Developer’s guide#

Welcome to the HydroMT project. All contributions, bug reports, bug fixes, documentation improvements, enhancements, and ideas are welcome. Here’s how we work.

Rights#

The MIT license applies to all contributions.

Issue conventions#

HydroMT is a relatively new project and highly active. We have bugs, both known and unknown.

The HydroMT issue tracker is the place to share any bugs or feature requests you might have. Please search existing issues, open and closed, before creating a new one.

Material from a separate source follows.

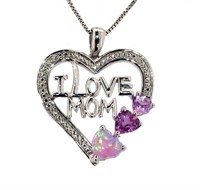 Beautiful Opal & Pink Sapphire Love Mom Necklace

For bugs, please provide tracebacks and relevant log files to clarify the issue. Minimal reproducible examples, are especially helpful!

Checklist pull requests#

If you found a bug or an issue you would like to tackle or contribute to a new development, please make sure to do the following steps:

If it does not yet exist, create an issue following the Issue conventions.
Create a new branch where you develop your new code, see also Git conventions.
Make sure all pre-commit hooks pass, see Code format. For ipynb files make sure that you have cleared all results.
Update docs/changelog.rst file with a summary of your changes and a link to your pull request. See for example the hydromt changelog.
Push your commits to the github repository and open a draft pull request. The body of the pull request will be pre-filled with a template. Please fill out this template with the relevant information, and complete the checklist included.
Once you’re satisfied with the changes mark the pull request as “as ready for review” and ask another contributor to review the code. The review should cover the implementation as well as steps 2-4.
Merge the pull request once the review has been approved.

Git conventions#

First of all, if git is new to you, here are some great resources for learning Git:

the GitHub help pages.
the NumPy’s documentation.

The code is hosted on GitHub. To contribute you will need to sign up for a free GitHub account. We follow the GitHub workflow to allow many people to work together on the project.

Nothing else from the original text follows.